What is left? the existence of such $a$: Recall that by definition the upper and lower Riemann integrals are defined for bounded functions, so it is required that your integrand $\tan$ is bounded on one of the possible two integration intervals $I=[f(x),g(x)]$ or $J=[g(x),f(x)]$. This occurs only when
$$\sqrt x,\,x^2-3x\in\Bigl(-\frac{\pi}2+k\pi,\frac{\pi}2+k\pi\Bigr),\ \style{font-family:inherit;}{\text{for some integer}}\ k\,.\tag{$\mathbf{I}$}$$
Since both $\sqrt{x}$ and $x^2-3x$ are continuous functions, the set of the values $x$ satisfying the previous inclusion is non-empty (easy exercise left to you) and open in $\mathbb R$, so it is a countable union of open intervals.

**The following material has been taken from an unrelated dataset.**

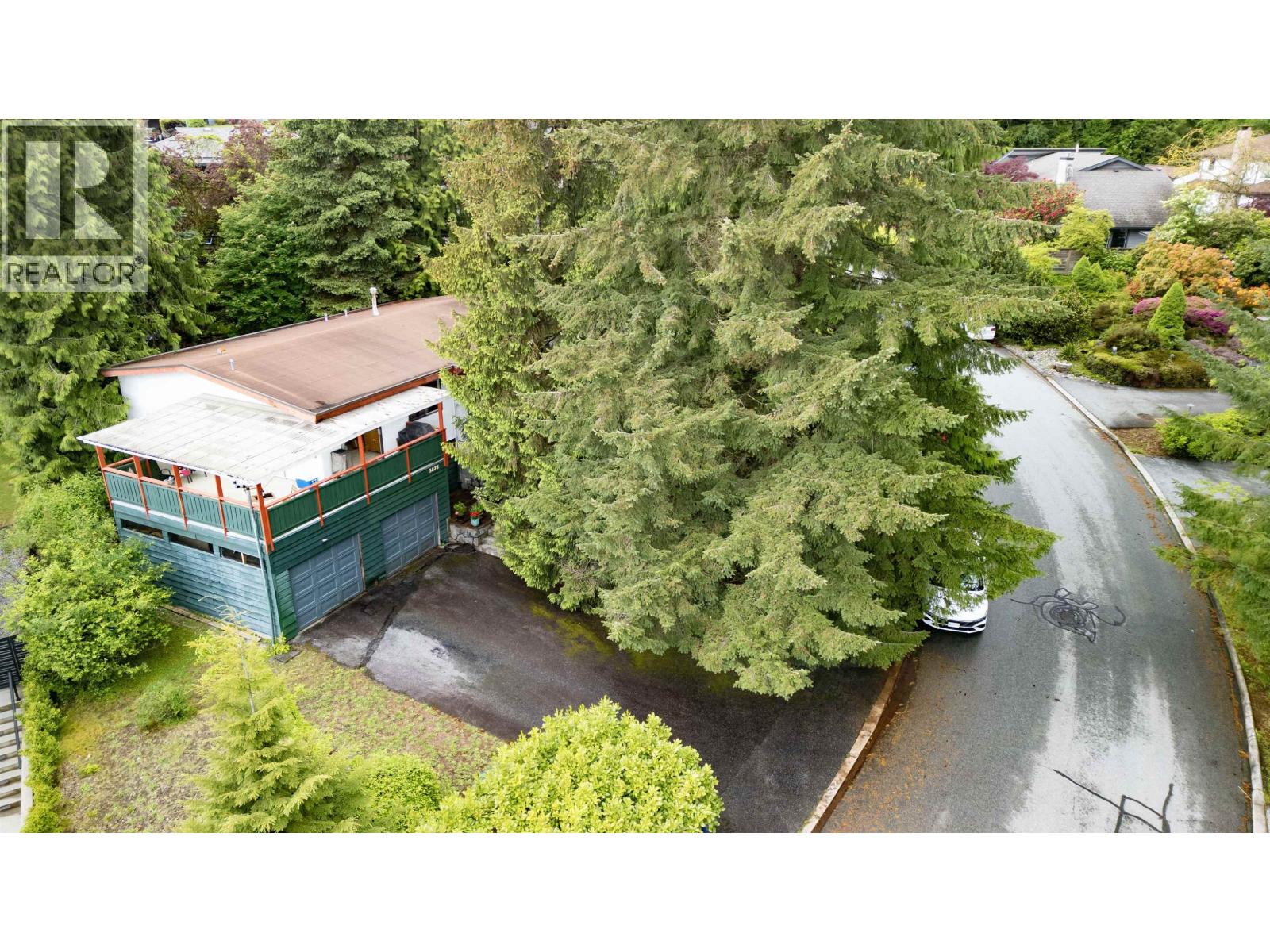 3875 REGENT AVENUE, North Vancouver
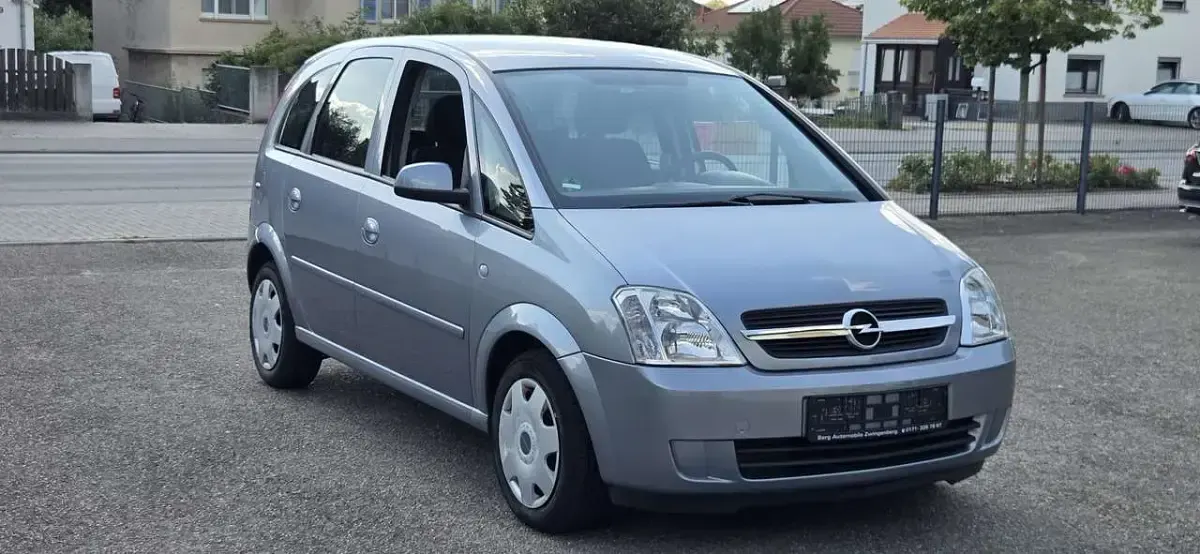 Gebraucht Opel Meriva Edition 101 PS (74 kW) 2005 Lichtsilber m2 Van / Kleinbus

When you try to calculate the derivative, you are working locally, that is, in some of these intervals, so you simply choose a fixed element $a$ in such interval, and proceed as stated at the beginning.
If you are not familiar with the notion of "open set", then simply solve explicitly the equation $(\mathbf{I})$ and see what happens.
A: Hint: Let $F(t)$ be an antiderivative of $\tan t$. We can find an explicit formula for $F(t)$, but it is better not to.
Then our integral is $F(x^2-3x)-F(\sqrt{x})$. Differentiate, using the Chain Rule, and remembering that $F'(u)=\tan u$. 
A: In general, by chain rule, we have$$\dfrac{d}{dx} \left(\int_{f(x)}^{g(x)} h(t) dt\right) = \dfrac{d g(x)}{dx} \dfrac{d }{d g(x)} \left(\int_{f(x)}^{g(x)} h(t) dt\right) + \dfrac{d f(x)}{dx} \dfrac{d }{d f(x)} \left(\int_{f(x)}^{g(x)} h(t) dt\right)$$
Now make use the fundamental theorem of calculus to conclude that
$$\dfrac{d }{d g(x)} \left(\int_{f(x)}^{g(x)} h(t) dt\right) = h(g(x))$$
$$\dfrac{d }{d f(x)} \left(\int_{f(x)}^{g(x)} h(t) dt\right) = -h(f(x))$$
Hence,
$$\dfrac{d}{dx} \left(\int_{f(x)}^{g(x)} h(t) dt\right) = \dfrac{d g(x)}{dx} h(g(x)) - \dfrac{d f(x)}{dx} h(f(x))$$
A slightly more generalized version is the Leibniz integral rule.